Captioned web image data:

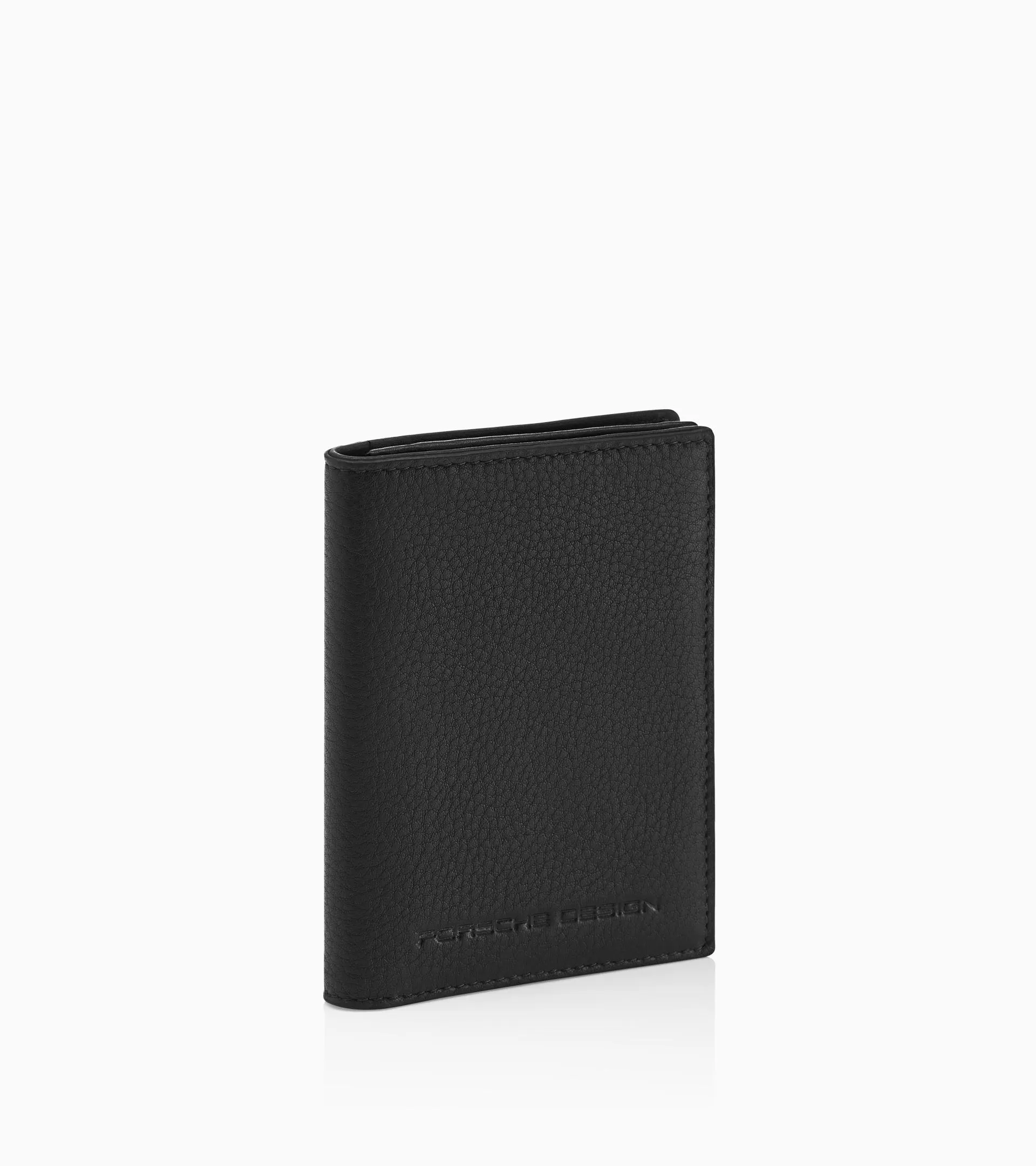 Porta carte di credito PORSCHE DESIGN BUSINESS Uomo Pelle Nero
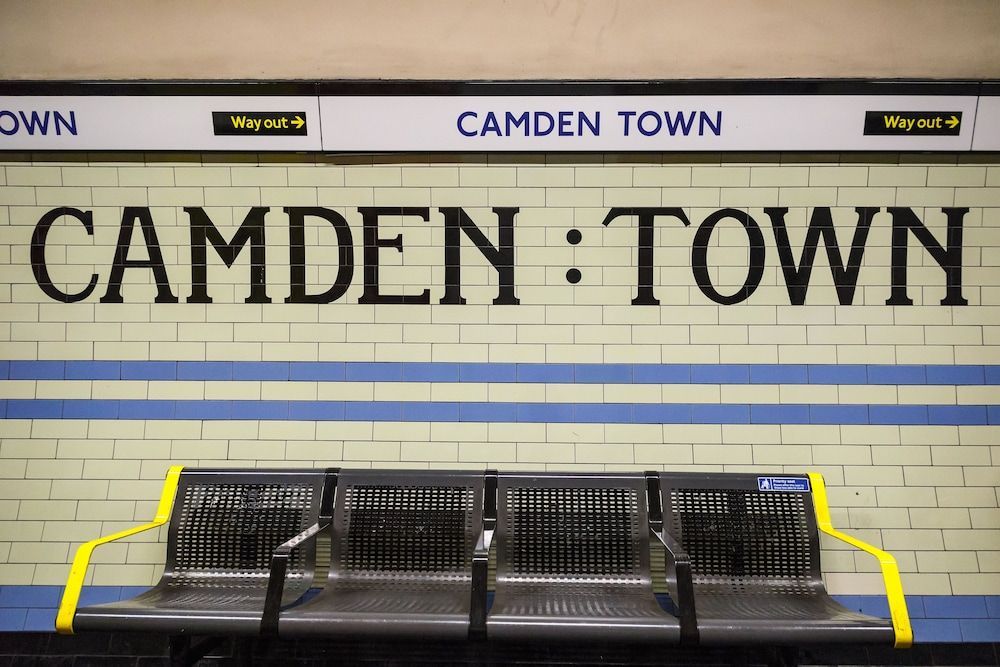 home.ly Prestige London Apartment Camden 1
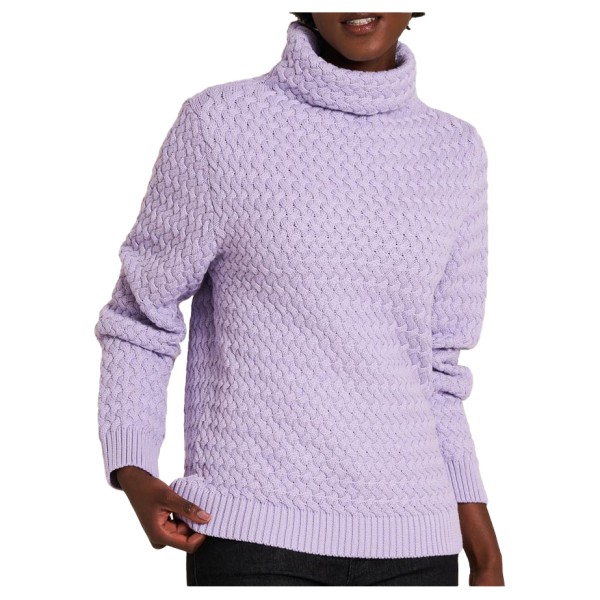 Tranquillo - Women's Warmer Rollkragenpullover - Pullover
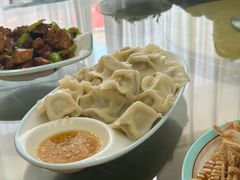 鲅鱼水饺-日照大牌檔•小船海鲜(万平口店)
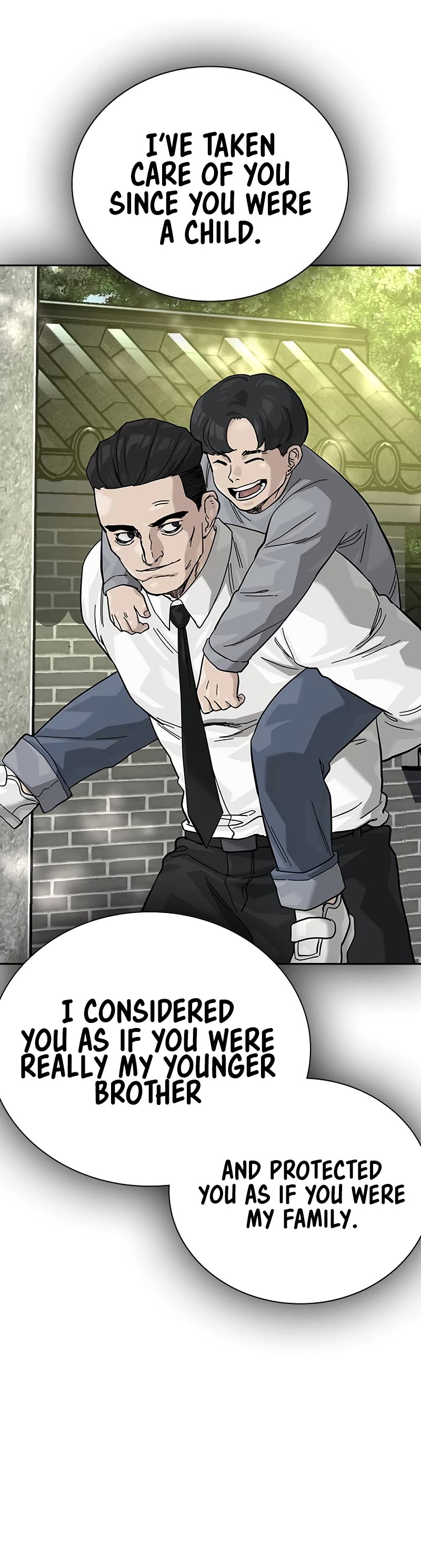 To Not Die Chapter 140 page 53 - Chapter 140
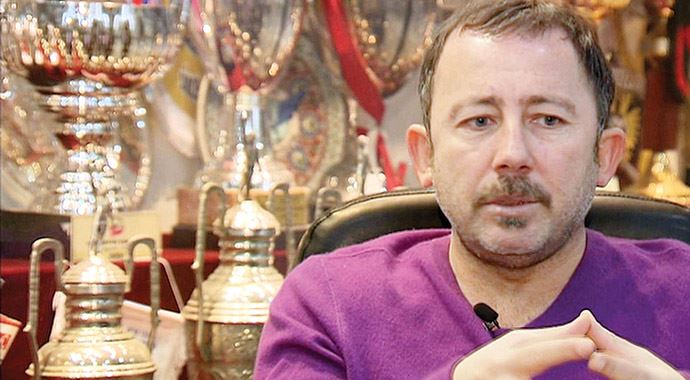 Sergen Yalçın&#039;ın Gaziantep&#039;i bırakma nedeni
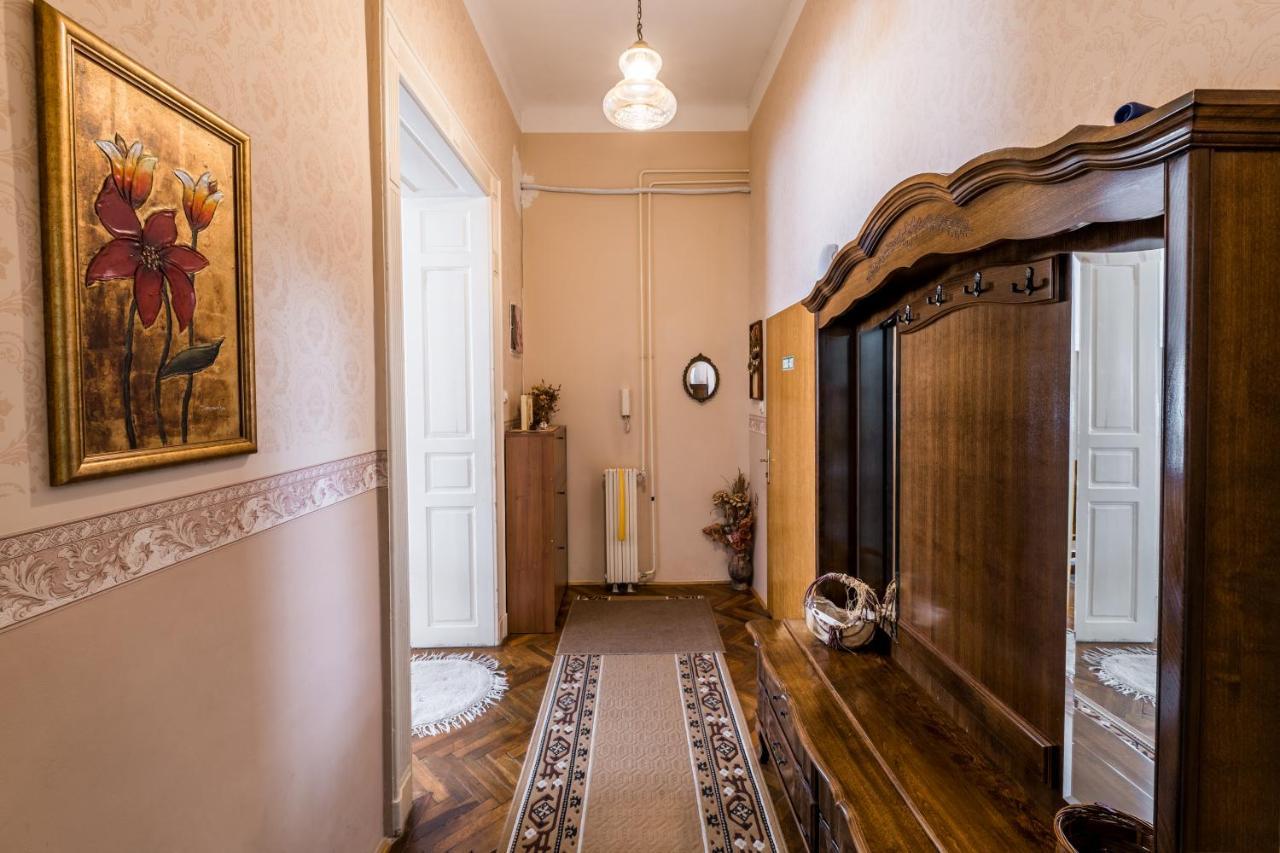 Apartment Panorama Central Novi Sad Extérieur photo
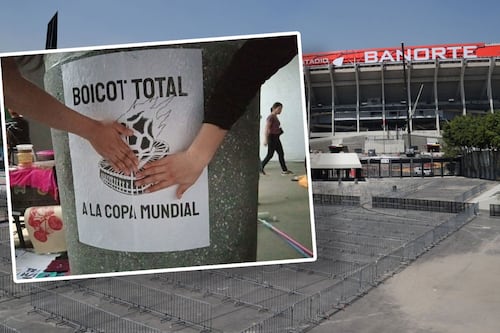 Prometen bloquear Tlalpan: ¿Qué sabemos de la protesta del sábado 28 de marzo previo al México vs. Portugal?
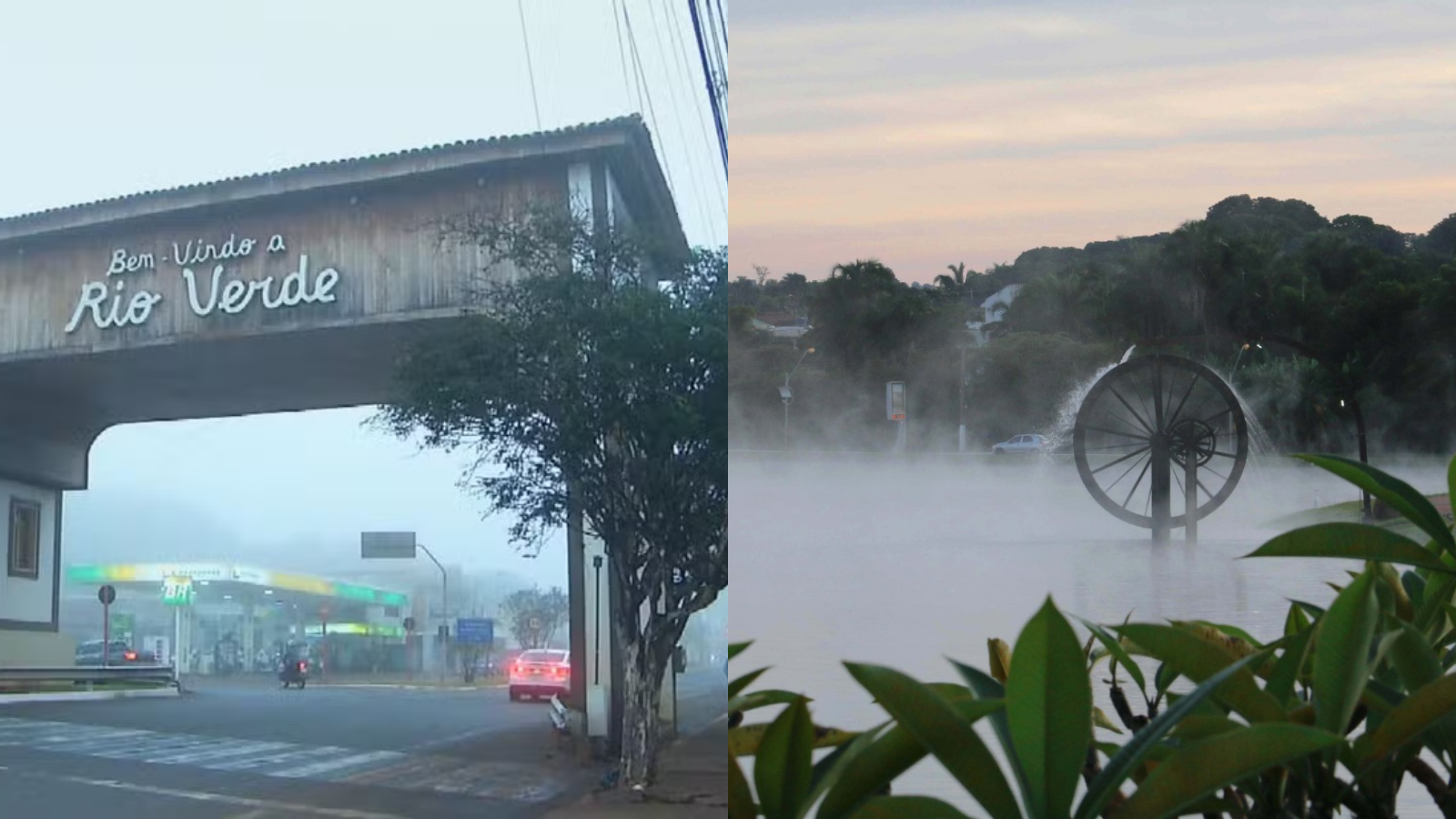 Frio polar derruba temperaturas em Goiás e mínimas podem chegar a 10°C nos próximos dias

Task objective:
For this exercise, set down exactly the lines that run from the line holding "鲅鱼水饺-日照大牌檔•小船海鲜(万平口店)" to the last line of the records above; include both end lines and omit pictures.

Task result:
 鲅鱼水饺-日照大牌檔•小船海鲜(万平口店)
 To Not Die Chapter 140 page 53 - Chapter 140
 Sergen Yalçın&#039;ın Gaziantep&#039;i bırakma nedeni
 Apartment Panorama Central Novi Sad Extérieur photo
 Prometen bloquear Tlalpan: ¿Qué sabemos de la protesta del sábado 28 de marzo previo al México vs. Portugal?
 Frio polar derruba temperaturas em Goiás e mínimas podem chegar a 10°C nos próximos dias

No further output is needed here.